Salva Kiir Mayardit has been the first and only president of South Sudan since independence on 9 July 2011 — a continuous tenure of 15 years. He has not faced an election since 2010, when he won the pre-independence regional vote.
How old is Salva Kiir?
Kiir was born on 13 September 1951 in Akon, Warrap State, and is 74 years old as of April 2026.
What happened to Vice President Riek Machar?
Machar, the long-time opposition leader and First Vice President under the 2018 Revitalised Peace Agreement, was placed under house arrest in Juba on 26 March 2025 after fighting in Upper Nile state. Several SPLA-IO ministers were also detained.

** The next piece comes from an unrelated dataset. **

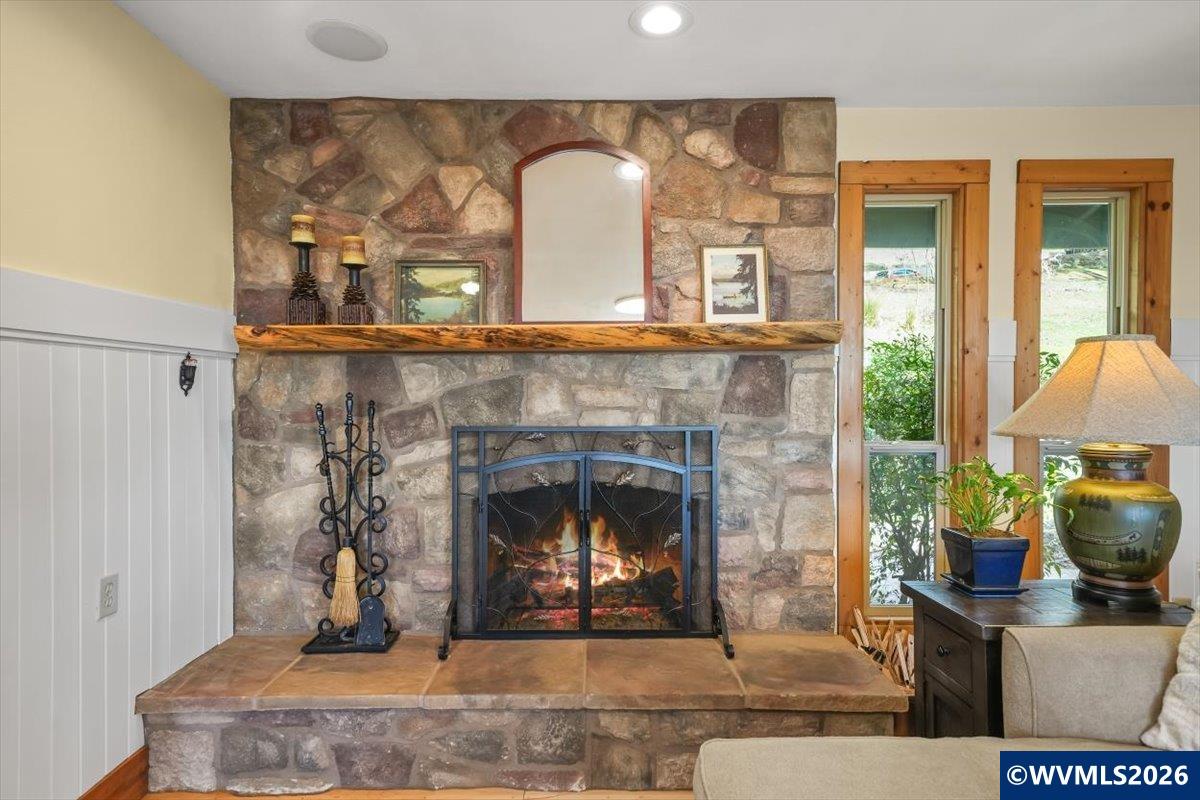 1340 NW Worden Cir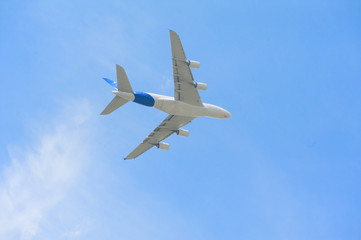 Fototapeta na wymiar samolot samolot, lot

He remains in confinement; the AU, IGAD and UN have called for his release and for implementation of the peace agreement.
When will South Sudan hold elections?
Elections have been postponed several times. Under the February 2025 R-ARCSS extension, transitional elections are scheduled for 22 December 2026, with the transitional period ending on 22 February 2027. Implementation remains subject to the permanent constitution, security arrangements and funding.
Why is the economy so fragile?
South Sudan is almost entirely dependent on oil exports through a pipeline across war-torn Sudan to Port Sudan. The April 2023 outbreak of the Sudanese war has repeatedly halted exports. The South Sudanese pound has lost 85% of its value since 2023 and an estimated 7.7 million people require food assistance in 2026.